Lot changes are invisible method changes

When a reagent supplier changes a lot number, the laboratory receives what appears to be the same product. Same catalog number, same label, same grade designation. But the new lot is a different batch — manufactured at a different time, possibly from different raw materials, with different trace impurity levels.

For most routine reagents this makes no practical difference. But for trace analysis — which is exactly what ICP-OES work on battery materials involves — a lot change in the digestion acid can shift the blank signal enough to affect results near the reporting limit. A lot change in an HPLC mobile phase solvent can shift retention times.

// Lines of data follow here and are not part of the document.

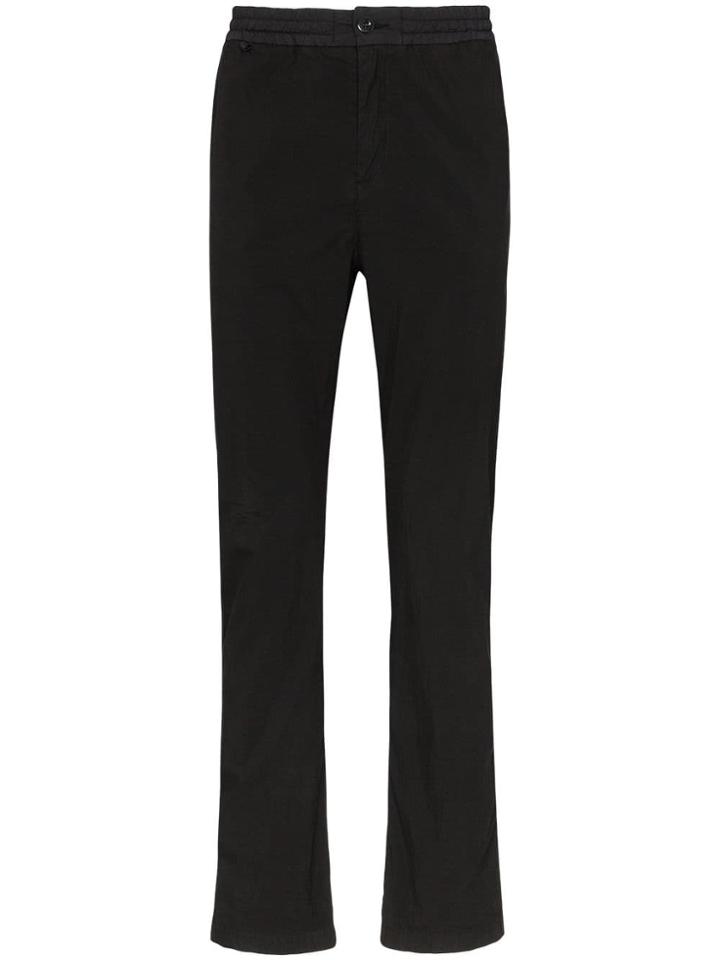 Cp Company Loose-fit Straight-leg Cotton Blend Trousers - Black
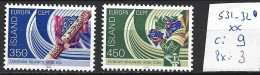 ISLANDE 531-32 ** Côte 9 € - 1982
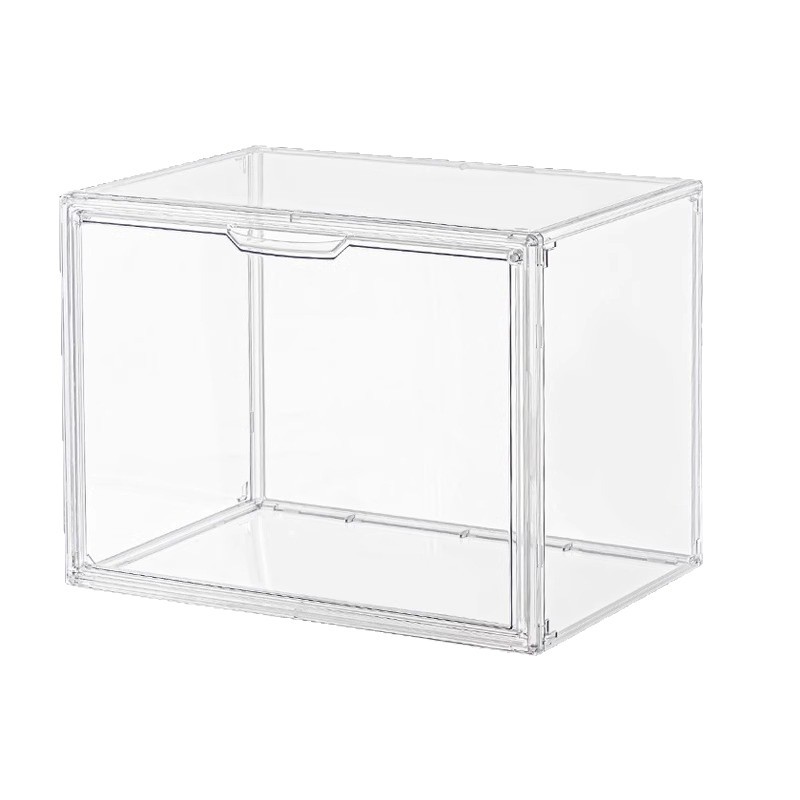 Transparent Bookshelf Storage Box Large Capacity Acrylic Display Cabinet Dustproof CD Album Magazin 5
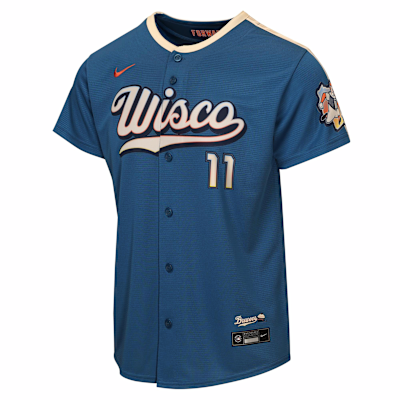 Jackson Chourio Milwaukee Brewers City Connect Big Kid's Nike MLB Stadium Jersey from Nike - $125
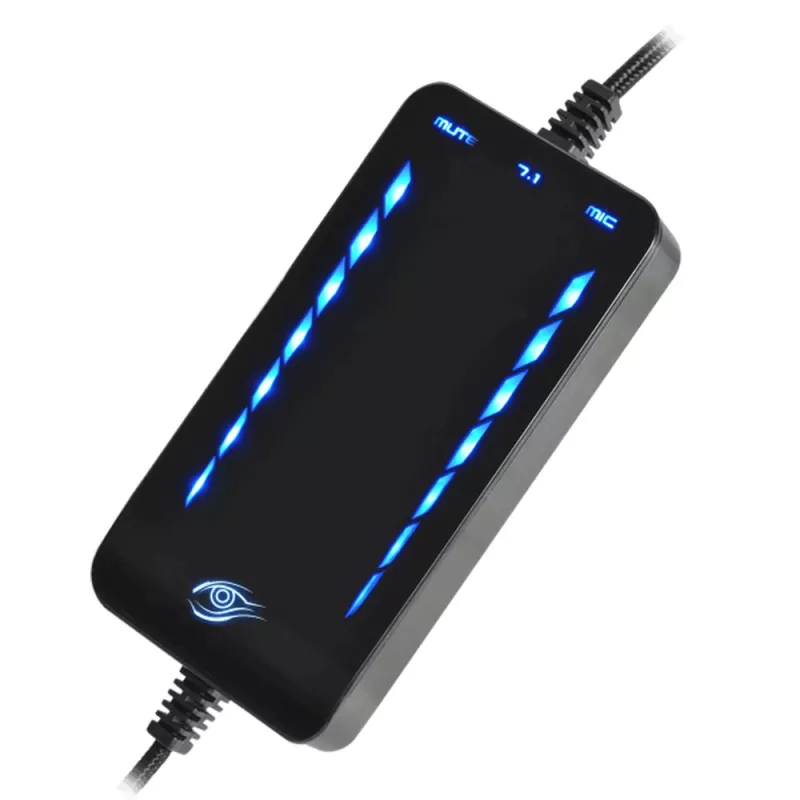 GIGABYTE Force H5 austiņas ar vadu, galvas lentes, spēlēm, melnas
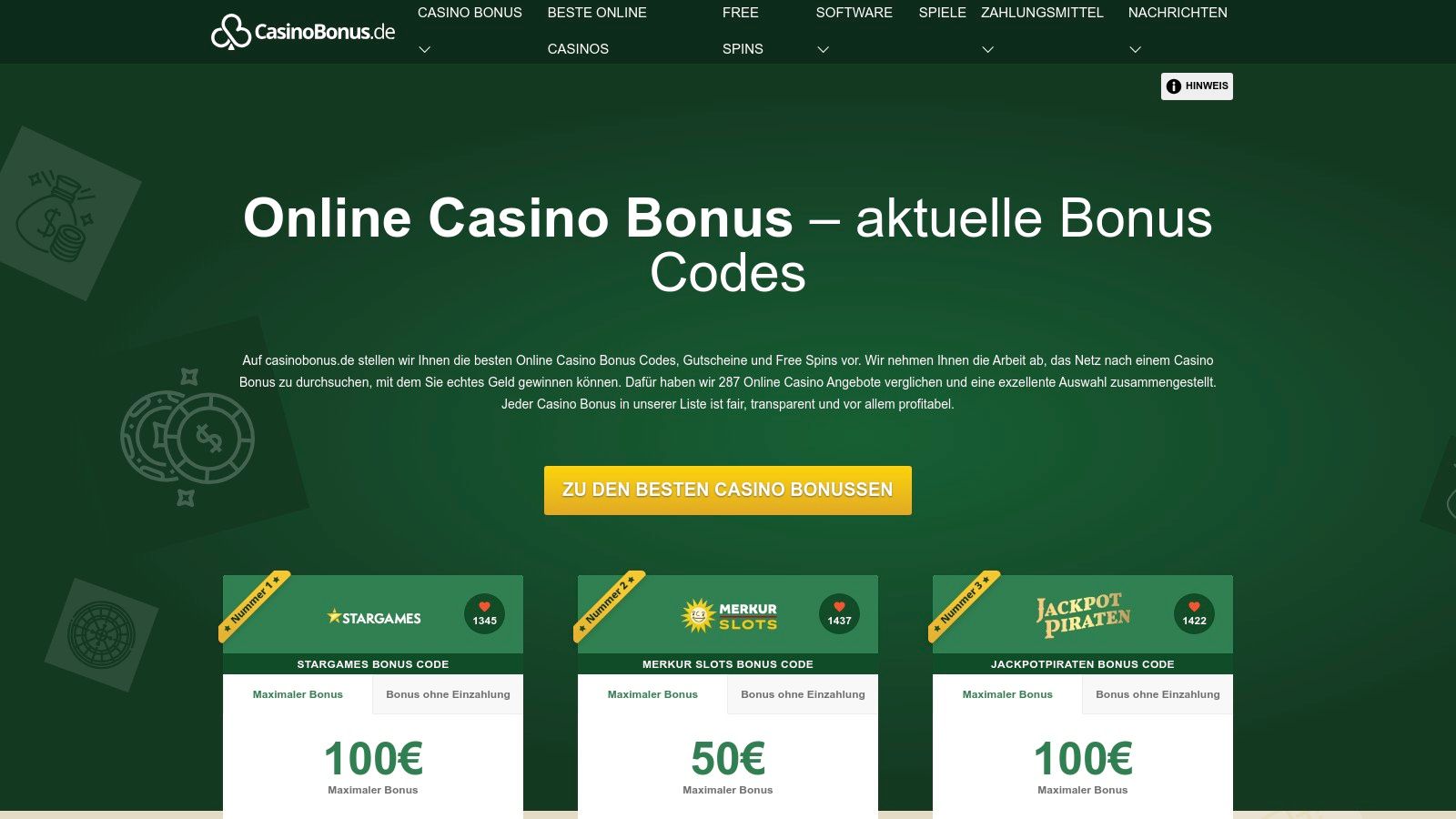 CasinoBonus.de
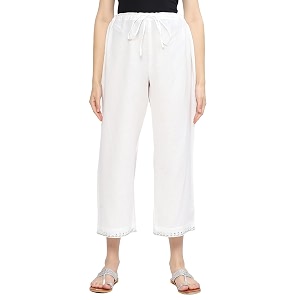 BIBA Womens Straight Fit Mid Rise Rayon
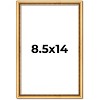 PosterPalooza | Photo Size Classic Modern Gold Frame - UV Acrylic, Foam Board Backing, Hanging Hardware - 2 of 4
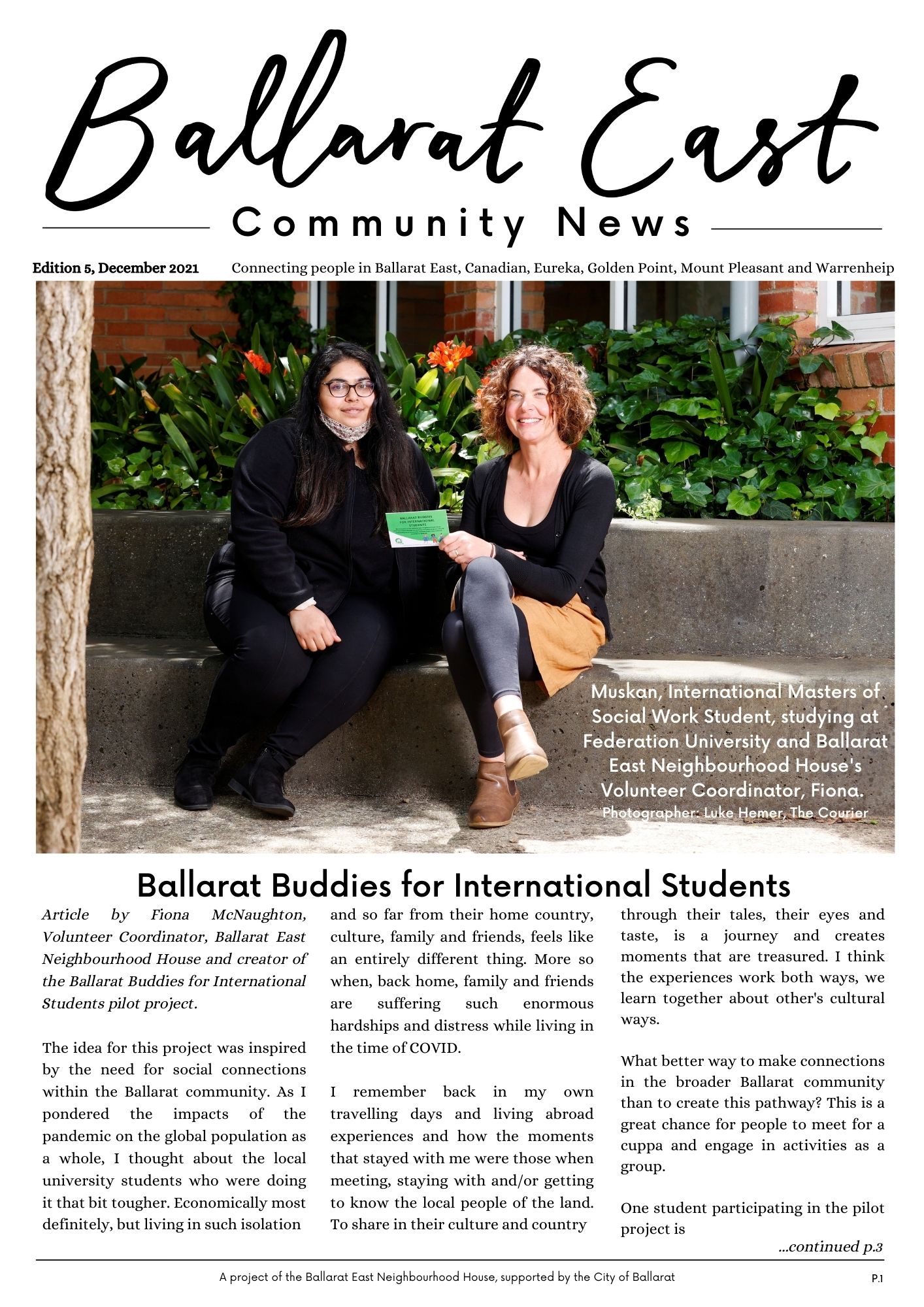 Ballarat East Community News Edition 5 p1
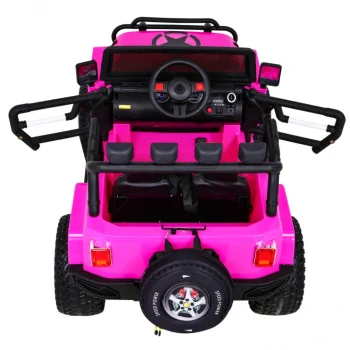 Monster 4x4 Terenski Džip Na Akumulator, Ružičasti 7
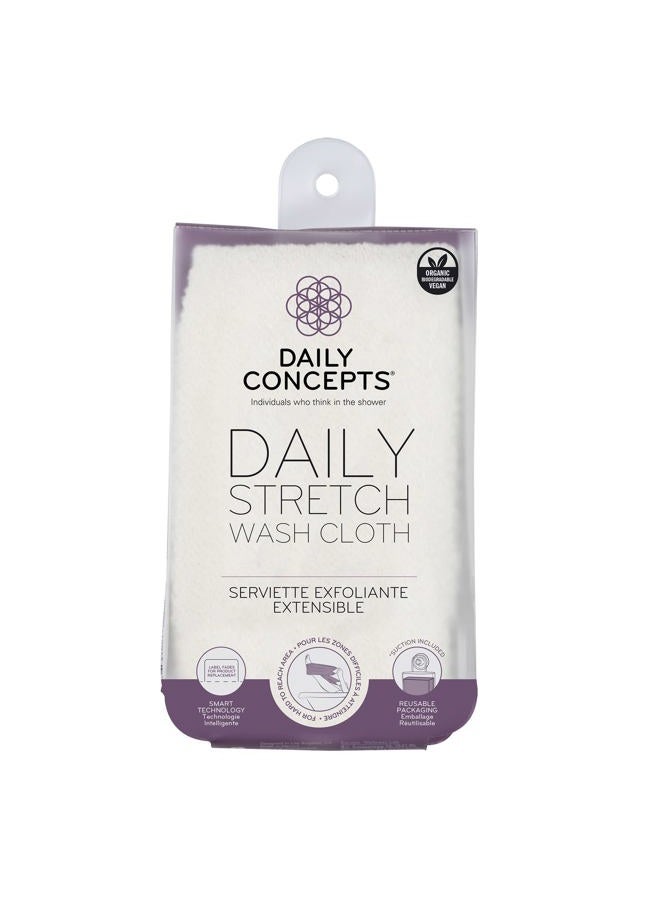 Daily Concepts USA. Stretch Wash Cloth, MicroFibre, Removes BlackHeads, Exfoliating Properties, Reusable, Multipurpose, For Bath & Shower. - Image 1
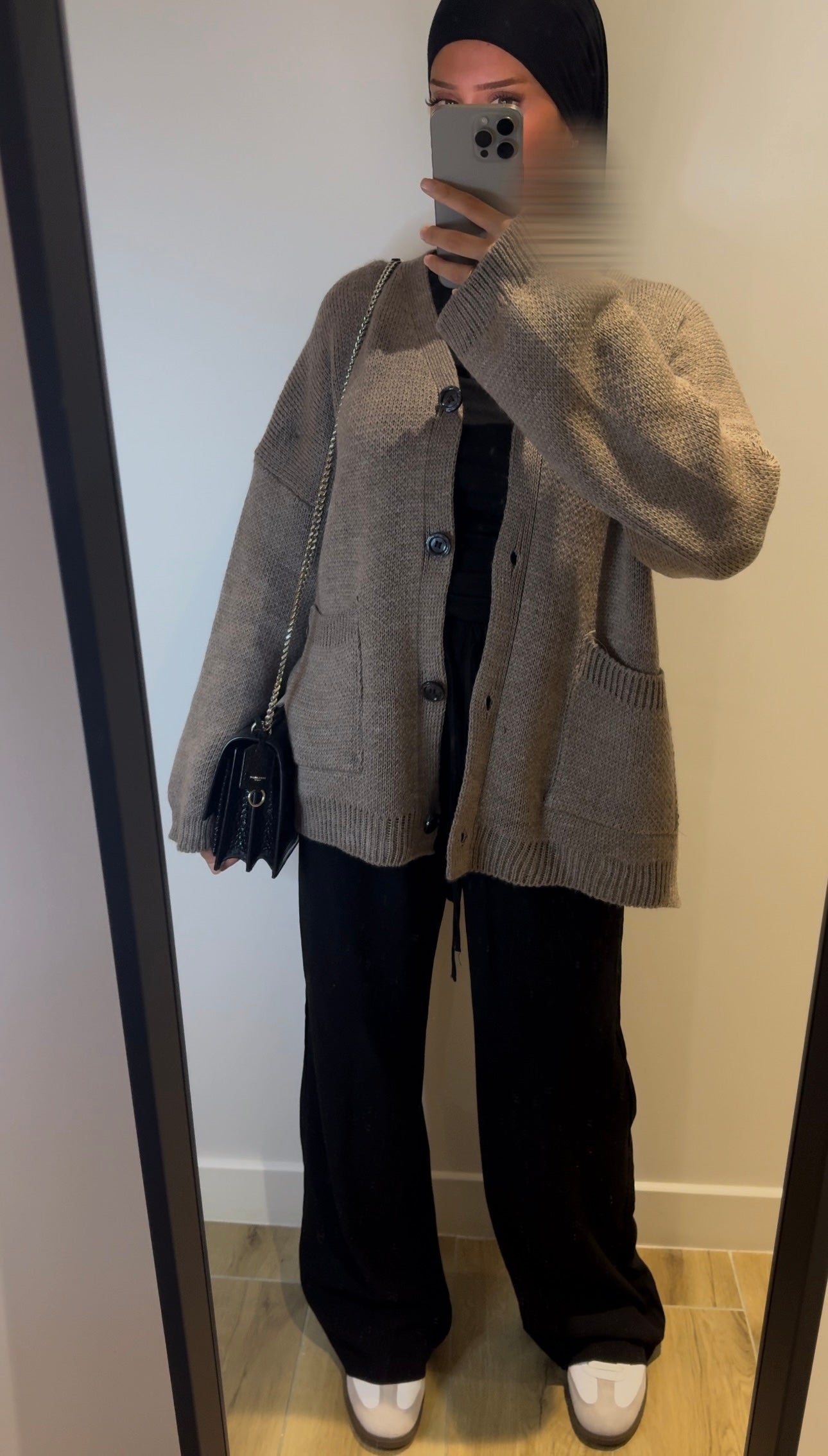 Cardigan Taupe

The incoming verification step in this procedure exists precisely for these transitions. When a new lot of a critical reagent arrives, the laboratory runs a blank or a control before committing samples. This is not excessive caution — it is a basic control against an invisible variable.

The subcontracting trap

Subcontracting carries a specific risk that is easy to miss: the laboratory remains responsible for results it did not produce. When a battery materials laboratory subcontracts SEM imaging of particle morphology, the report that goes to the customer includes those results under the laboratory's name. If the subcontractor's measurements are wrong, it is the laboratory — not the subcontractor — that faces the consequences.

This is why clause 6.6 requires that subcontractors be accredited for the relevant scope, that the customer is informed, and that a formal agreement defines responsibilities. The agreement is not a commercial formality. It is the document that clarifies who is responsible for what when something goes wrong.